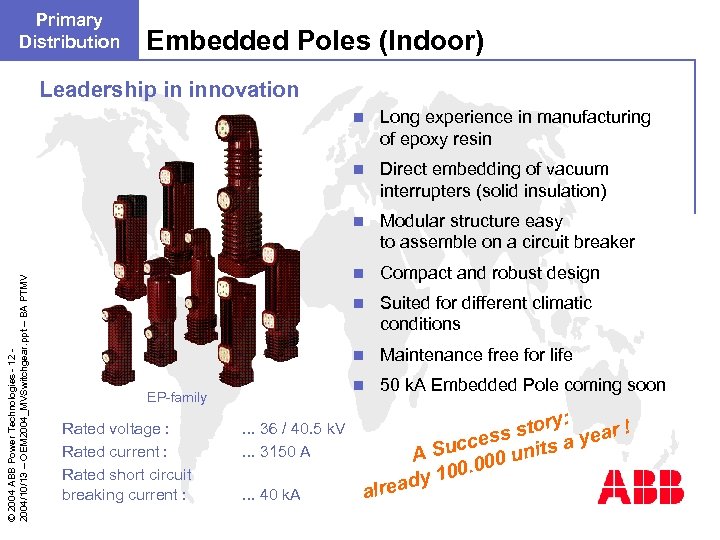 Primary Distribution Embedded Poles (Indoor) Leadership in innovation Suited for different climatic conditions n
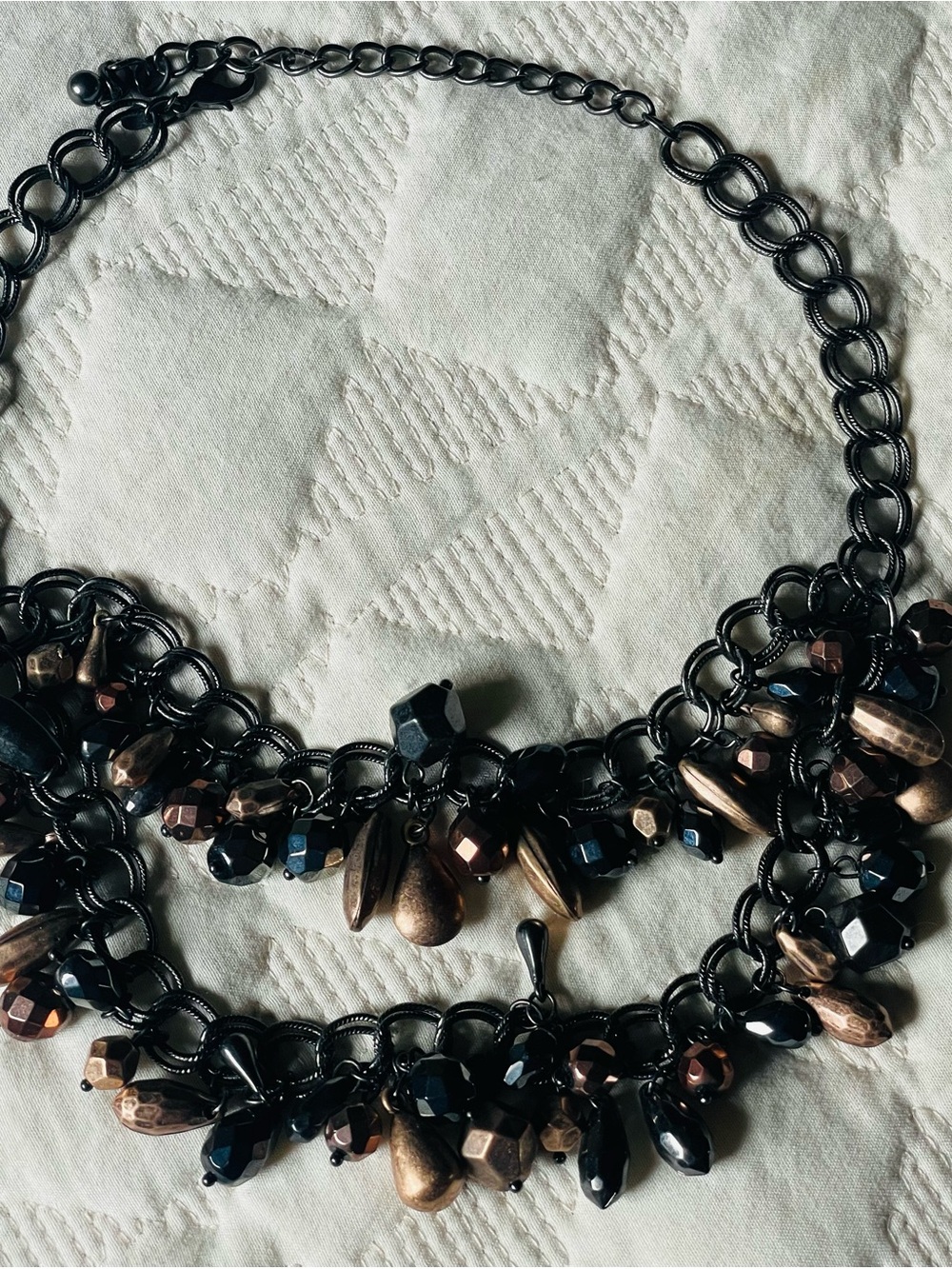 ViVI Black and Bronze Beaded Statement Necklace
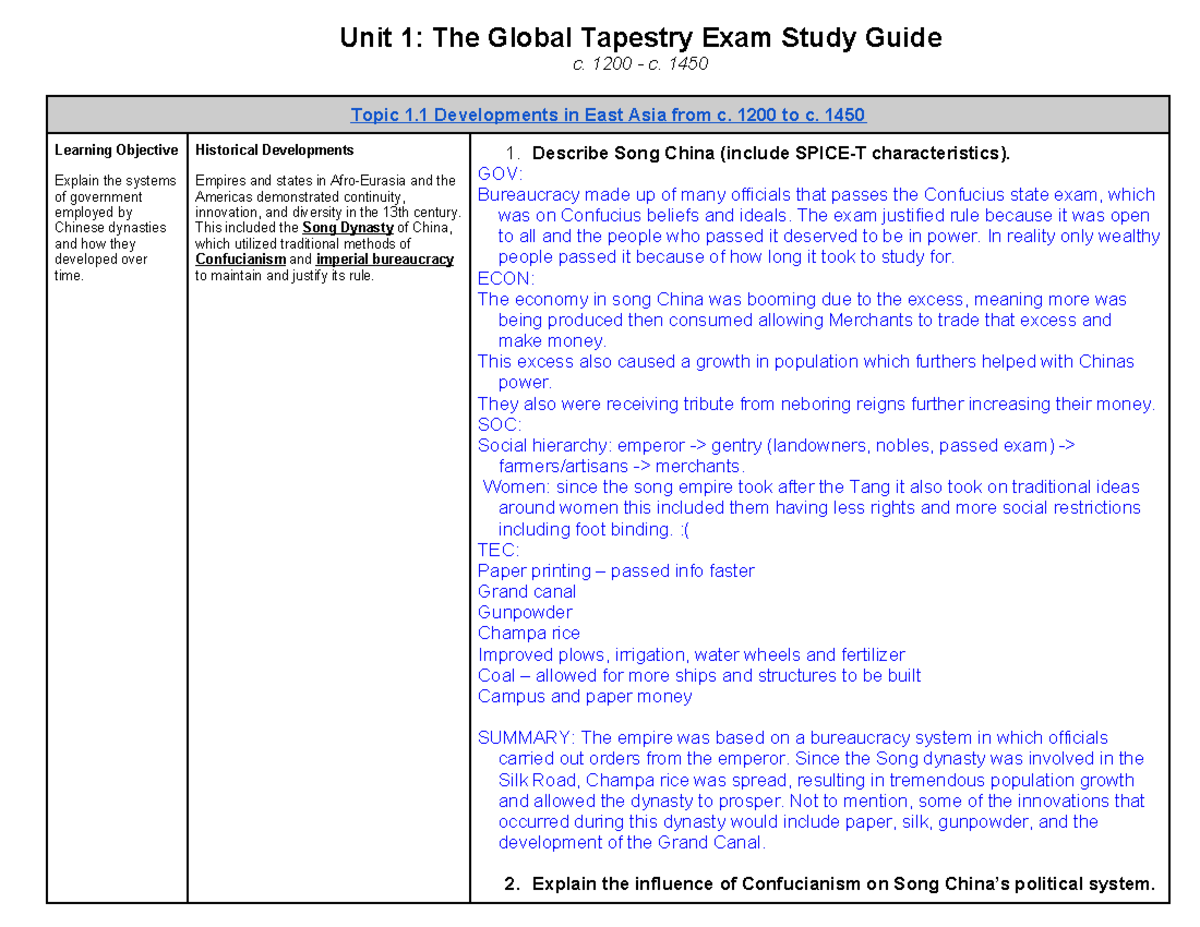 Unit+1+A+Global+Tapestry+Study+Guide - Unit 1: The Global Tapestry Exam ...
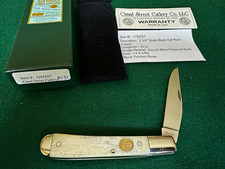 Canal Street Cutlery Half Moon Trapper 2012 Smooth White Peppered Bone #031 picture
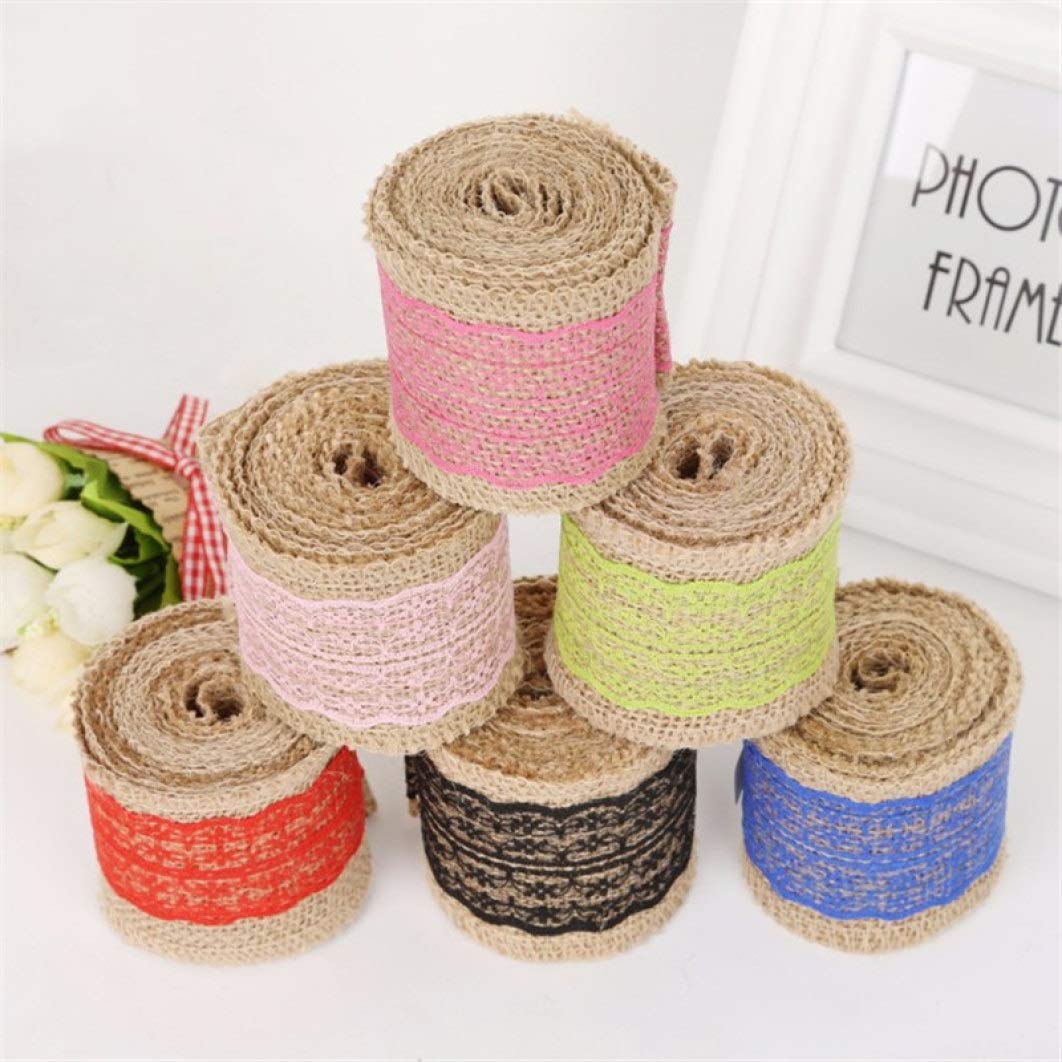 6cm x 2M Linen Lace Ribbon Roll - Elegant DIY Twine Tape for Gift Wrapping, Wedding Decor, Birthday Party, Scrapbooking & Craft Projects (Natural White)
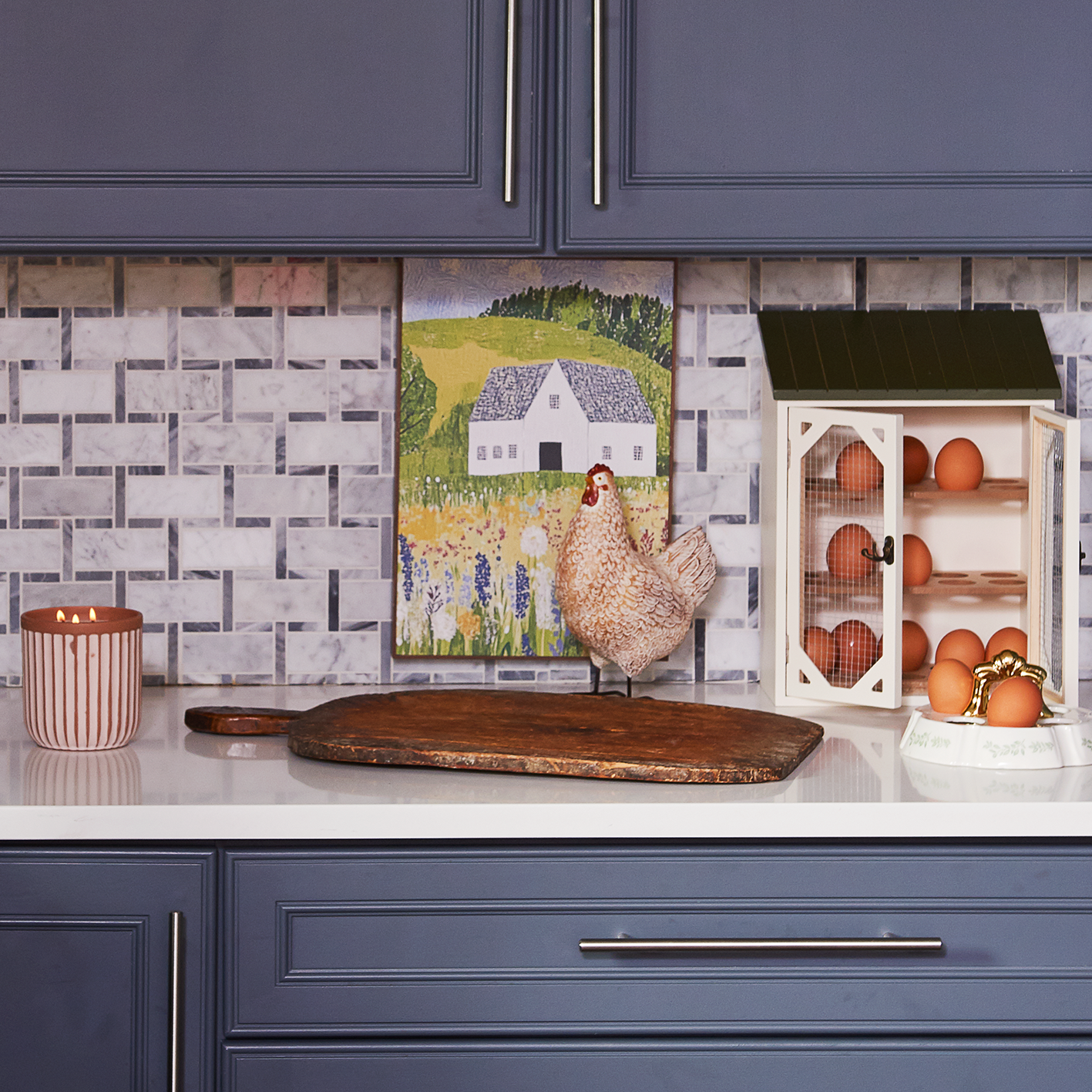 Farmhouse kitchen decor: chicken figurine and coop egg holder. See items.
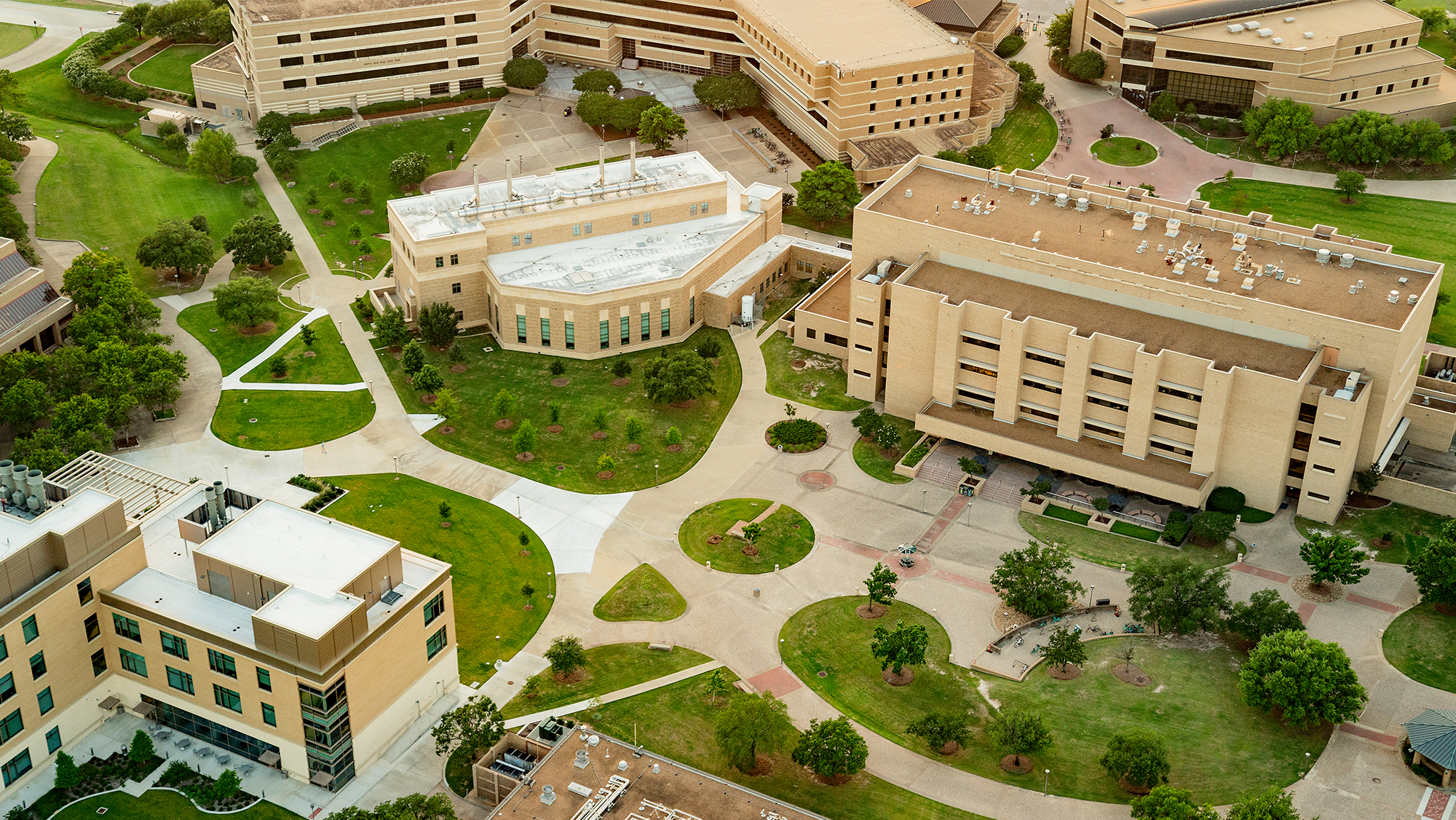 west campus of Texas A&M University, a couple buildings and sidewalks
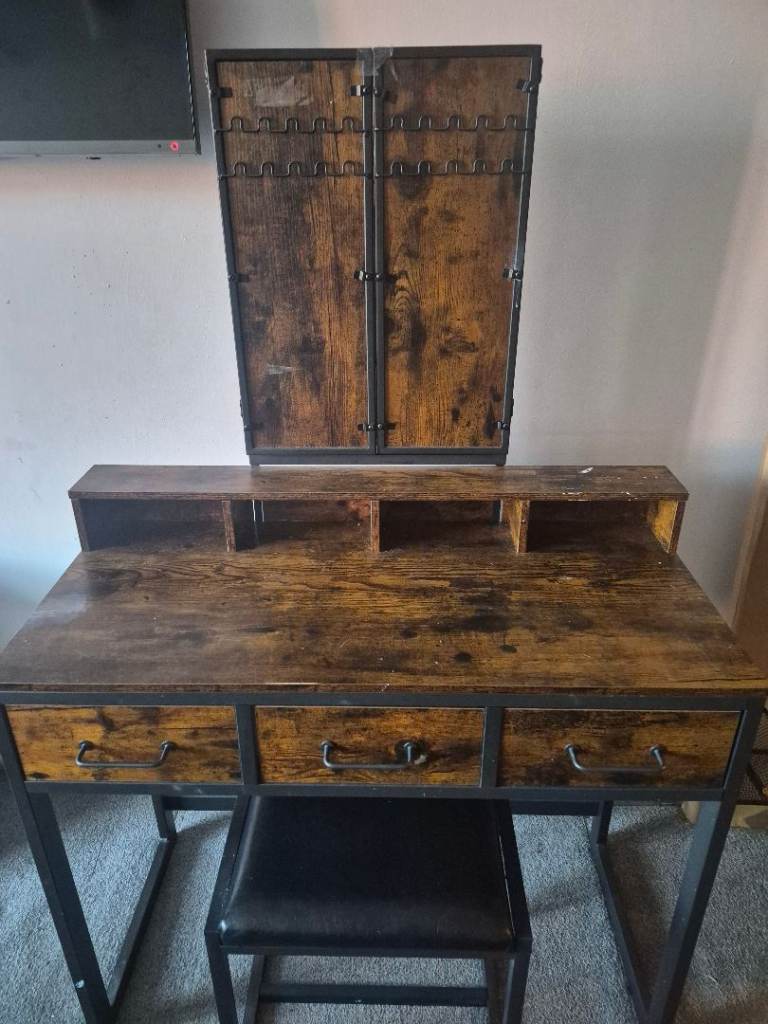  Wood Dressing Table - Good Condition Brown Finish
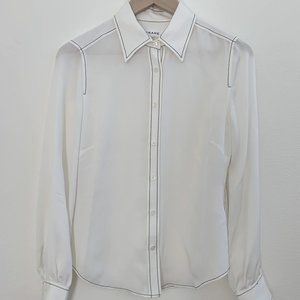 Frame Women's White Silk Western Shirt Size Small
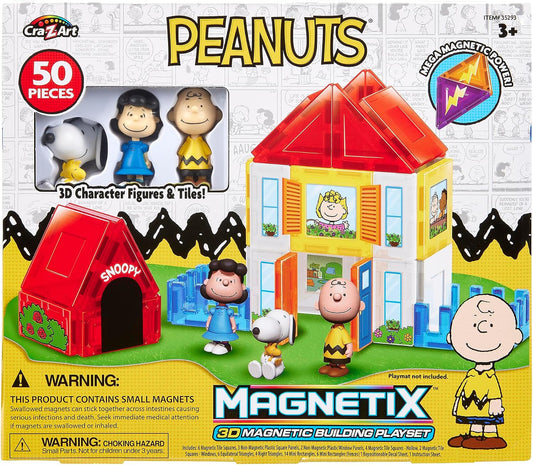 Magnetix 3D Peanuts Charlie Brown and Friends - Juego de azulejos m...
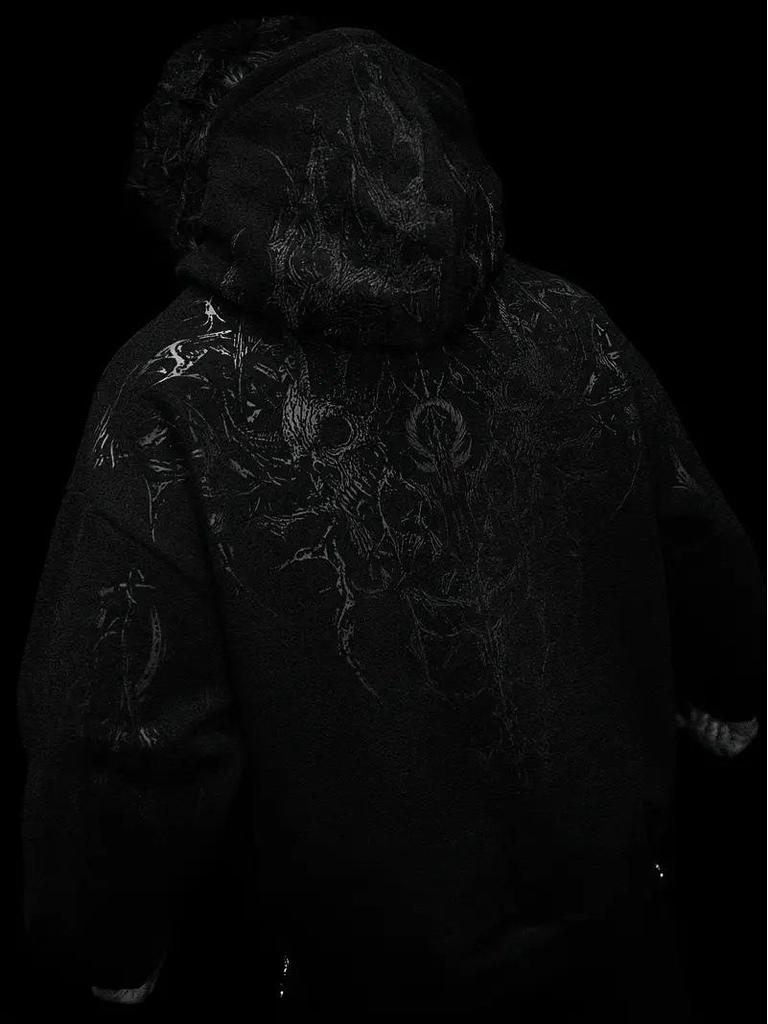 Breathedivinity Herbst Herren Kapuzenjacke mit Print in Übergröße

★ ★ ★ ★

• What is needed: In the copy, leave out the pictures and restate the records exactly.

• Result:
 Primary Distribution Embedded Poles (Indoor) Leadership in innovation Suited for different climatic conditions n
 ViVI Black and Bronze Beaded Statement Necklace
 Unit+1+A+Global+Tapestry+Study+Guide - Unit 1: The Global Tapestry Exam ...
 Canal Street Cutlery Half Moon Trapper 2012 Smooth White Peppered Bone #031 picture
 6cm x 2M Linen Lace Ribbon Roll - Elegant DIY Twine Tape for Gift Wrapping, Wedding Decor, Birthday Party, Scrapbooking & Craft Projects (Natural White)
 Farmhouse kitchen decor: chicken figurine and coop egg holder. See items.
 west campus of Texas A&M University, a couple buildings and sidewalks
  Wood Dressing Table - Good Condition Brown Finish
 Frame Women's White Silk Western Shirt Size Small
 Magnetix 3D Peanuts Charlie Brown and Friends - Juego de azulejos m...
 Breathedivinity Herbst Herren Kapuzenjacke mit Print in Übergröße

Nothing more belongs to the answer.